Hannah Hall Interviews Omar Musa

By and | 1 February 2017


Image courtesy of Penguin Australia

Omar Musa’s debut novel Here Come the Dogs was swiftly met with critical acclaim, even long-listed for the Miles Franklin award, after its publication in 2014. Praised for its searing language and smooth slippages between poetry and prose, Here Come the Dogs simmers and seethes above a burner of references to Australia’s thriving hip hop culture – its artists, lyrics, language and debates – a culture Musa himself is deeply involved in. Musa, an Australian-Malaysian multidisciplinary artist has previously published two books of poetry, The Clocks and Parang, as well as released multiple hip hop albums and performed internationally on slam poetry stages, including TEDx at the Sydney Opera House. Two years after Here Come the Dogs, we’ve now witnessed the release of Musa’s EP Dead Centre and his return to the hip hop stage. Musa’s hip hop lyricism is no less crafted than the poetry he’s penned. Performing and publishing across a range of artistic mediums, the threads connecting Musa’s oeuvre are strong: searing political commentary, disenfranchised and displaced youth, passion for art in all of its varied forms, and always a solid sense of self.

During his tour for the EP, Musa made a stop just down the road from his hometown of Queanbeyan to appear on a panel at the Canberra Writers Festival. After the panel, I arrived at Musa’s table in time to see him reach into a bag and pull out a stack of his new CDs and place them on the table for sale. ‘I don’t know if I’m allowed to do this, but I figure I can give it a go’ he said. Much like his art, Musa shifts and grooves between the personas of rapper, novelist and poet.
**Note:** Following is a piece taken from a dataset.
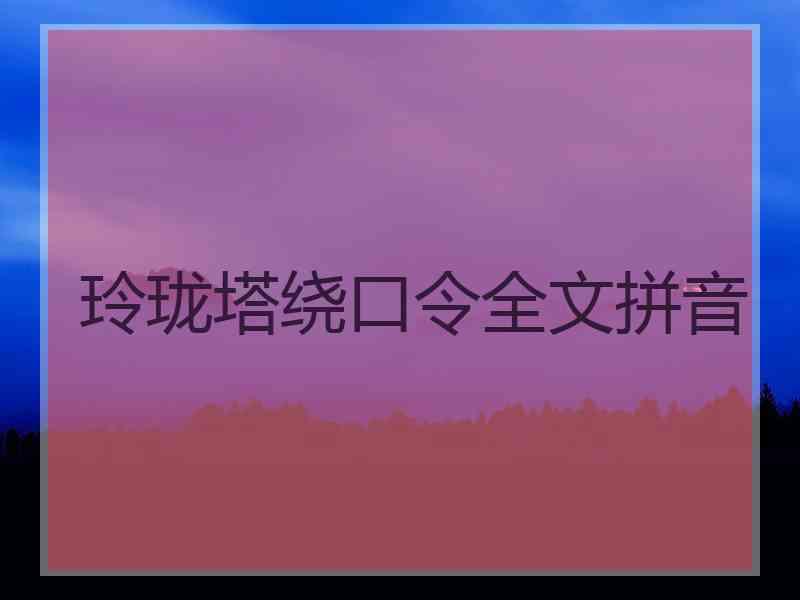 玲珑塔绕口令全文拼音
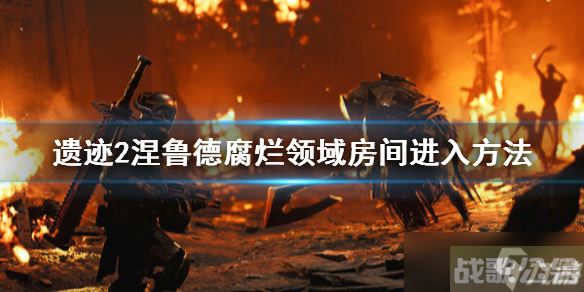 《遗迹2》涅鲁德腐烂领域房间怎么进 涅鲁德腐烂房间进入方法,遗迹资讯 《遗迹2》涅鲁德腐烂领域房间怎么进 涅鲁德腐烂房间进入方法,遗迹资讯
Hannah Hall: While it’s common for a lot of rappers to adopt a stage name, you’ve opted to retain your given name across all artistic mediums. I’m curious to know, is there a different personality behind each genre? Is Omar, the rapper on stage, the same as the Omar who sat down and wrote Here Come the Dogs?

Omar Musa: I decided not to adopt a stage name because I just couldn’t think of one, a good one. I never really had a nickname outside of OBM – you know, everyone for time immemorial has called me OBM. In the early days, for maybe six months, I called myself ‘mata singa’, which meant ‘eyes of the lion’ in Malay, but the reason why I kept my real name is because I want to be honest; this is all me. I’ve got many different facets to my personality and I’m always striving to figure out how to present them in different mediums. Honest emotional connection with audiences, readers and viewers is such a potent part of art and I want it to be all me. I mean, do I have a persona on stage? Of course. If you’re getting up in front of 500 people that you’ve never met before you’ve got to really amp yourself up for that. It’s not going to be the same Omar that’s hiding away in his room meticulously picking through the language that he’s put down on the page for a book. They’re all just different sides of my personality, you know, I’ve always had big ups and downs but I’ve also always been drawn to artists who unashamedly present those different aspects of their personality to the world, warts and all.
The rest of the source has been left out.